[Data records]

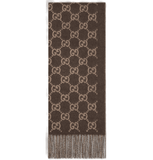  Khăn Gucci GG Cashmere Shawl 'Beige' 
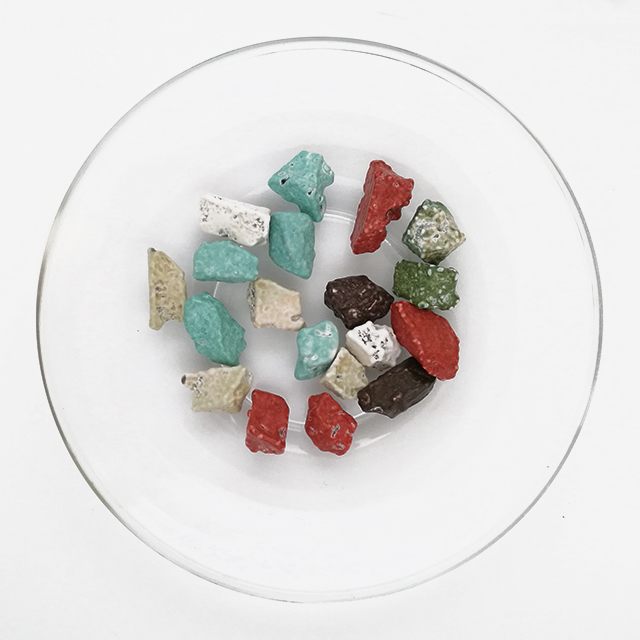 Stone chocolate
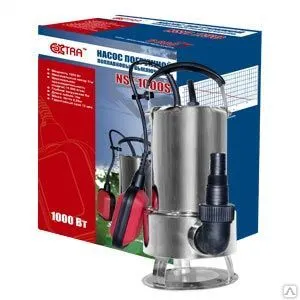 фото Дренажный фекальный насос 
 NSF
 1000S (нерж)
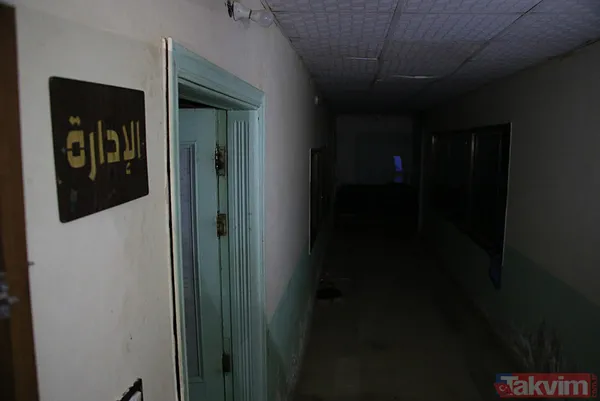 Suriye'den çarpıcı kareler... Tel Rıfat'ta hastane altlarında terör tünelleri! Tuzaklar, ele geçirilen patlayıcılar... - 5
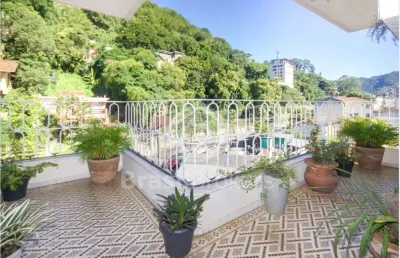 Apartamento à venda com 393,00m² e 5 quartos em santa teresa, rio de janeiro - rj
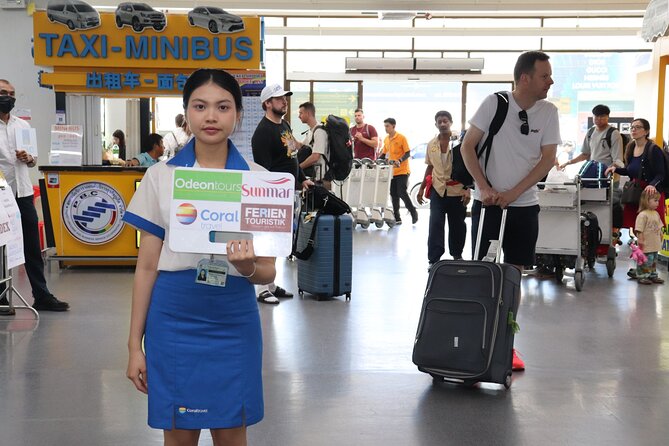 Phuket Airport–Hotel Private Transfer + Free SIM - The free SIM card, and what one day really means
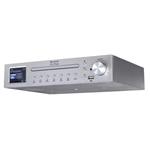 Soundmaster Elite line ICD2200SI kuchyňské rádio DAB+/ FM/ BT/ CD/ USB/ Stříbrné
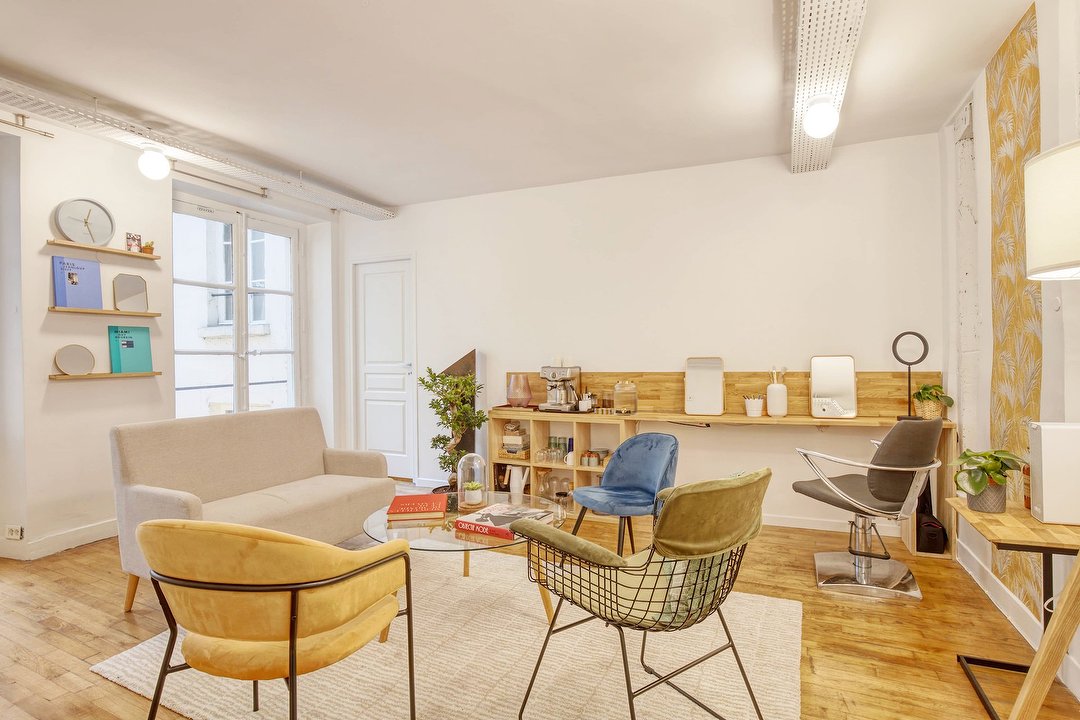 Théo d’Aléo - L’Appartement W par Wedohair, 2e arrondissement, Paris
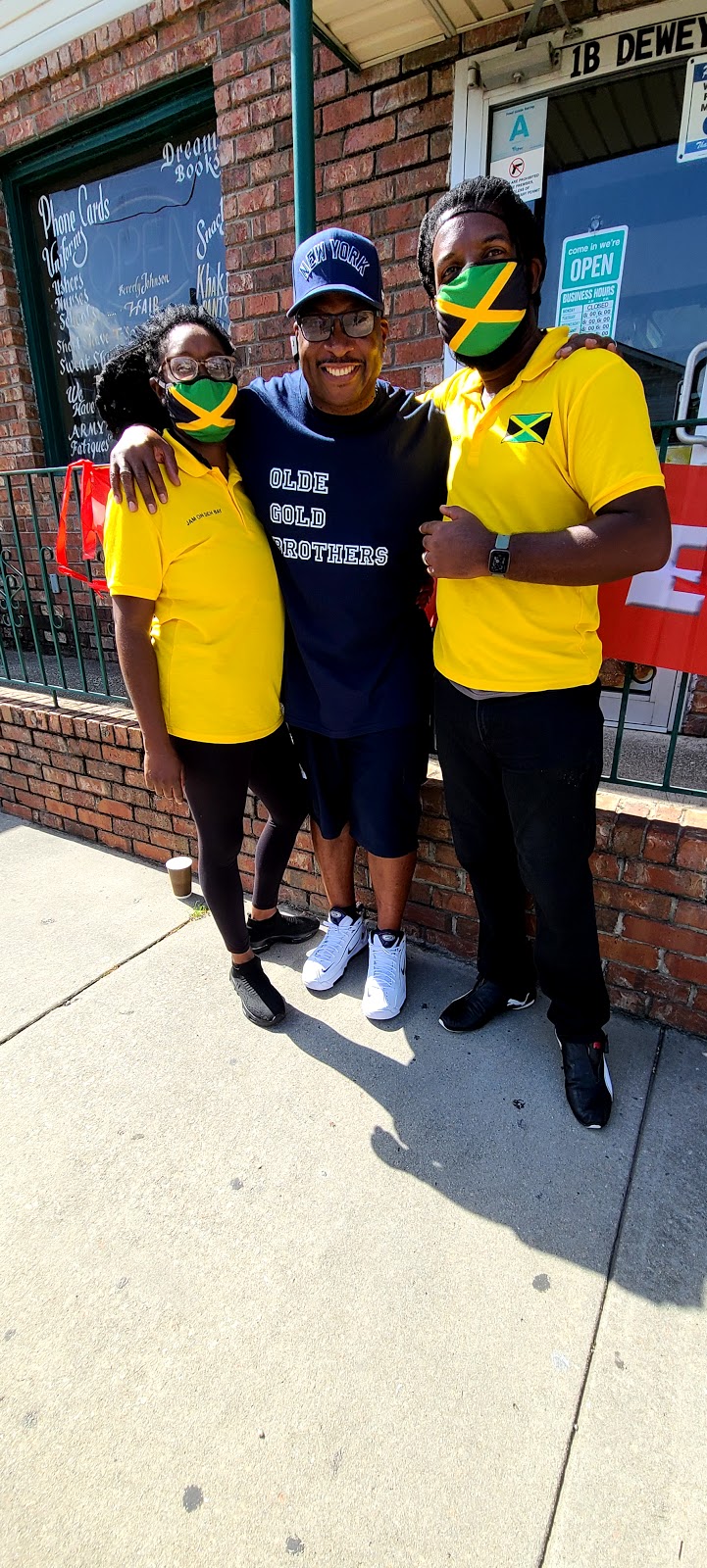 JAM ON DEH BAY | meal takeaway | 1B Dewey St, Charleston, SC 29403, USA | 8435737040 OR +1 843-573-7040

[/Data records]

**About this exercise:**
Only the pictures are to be left out; the rest of the material above should be printed verbatim.

**Solution below:**
  Khăn Gucci GG Cashmere Shawl 'Beige' 
 Stone chocolate
 фото Дренажный фекальный насос 
 NSF
 1000S (нерж)
 Suriye'den çarpıcı kareler... Tel Rıfat'ta hastane altlarında terör tünelleri! Tuzaklar, ele geçirilen patlayıcılar... - 5
 Apartamento à venda com 393,00m² e 5 quartos em santa teresa, rio de janeiro - rj
 Phuket Airport–Hotel Private Transfer + Free SIM - The free SIM card, and what one day really means
 Soundmaster Elite line ICD2200SI kuchyňské rádio DAB+/ FM/ BT/ CD/ USB/ Stříbrné
 Théo d’Aléo - L’Appartement W par Wedohair, 2e arrondissement, Paris
 JAM ON DEH BAY | meal takeaway | 1B Dewey St, Charleston, SC 29403, USA | 8435737040 OR +1 843-573-7040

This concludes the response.